Pedro Afonso, Médico Psiquiatra, SOL, 8.Abril,2011
Nos últimos tempos tem sido utilizado, por diversas vezes, o termo "esquizofrenia" no discurso dos líderes partidários. Não obstante discordar da utilização de termos médicos no linguajar político, devo admitir que, pelo que temos assistido nos últimos tempos no nosso país, seja inevitável dar um nome ao destempero que parece ter tomado conta de alguns dos nossos políticos, cujas decisões não parecem enquadrarem-se no nosso mundo, mas noutra realidade; uma realidade psicótica.
Sou de uma geração de psiquiatras que, devido aos avanços farmacológicos, ao longo dos últimos anos tem assistido com entusiasmo à diminuição dos internamentos de doentes com patologias psiquiátricas mais graves. Simultaneamente presencio, com perplexidade e impotência, ao aumento de internamentos de indivíduos com "doenças sociais", para as quais os psicofármacos não têm solução. Mas como é que se promove aalienação de uma sociedade?
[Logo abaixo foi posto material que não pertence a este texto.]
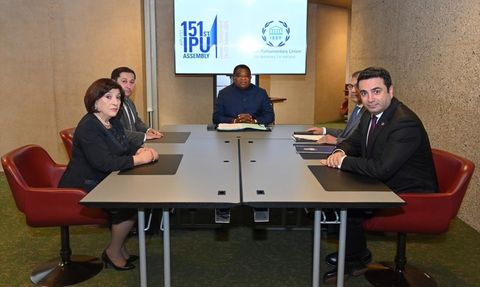 Azerbaycan ve Ermenistan Parlamentoları Cenevre'de Temaslarda Bulundu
As enfermarias psiquiátricas enchem-se quando se transmite aos portugueses a ideia delirante de que o trabalho não é o único meio para alcançar a riqueza e o progresso; ou seja, quando se divulga a ideia de que o dinheiro se pode multiplicar indefinidamente, desligado de uma riqueza de índole natural. Com esta mensagem, arrojada e moderna, gerou-se uma ânsia facilitista, alimentada por um consumo crescente e um crédito fácil. O indivíduo inconformado com a sua pobreza, foi instigado a lutar contra a injustiça capitalista, endividando-se compulsivamente, sem compreender que, com este acto irreflectido, estava a destruir-se a si mesmo.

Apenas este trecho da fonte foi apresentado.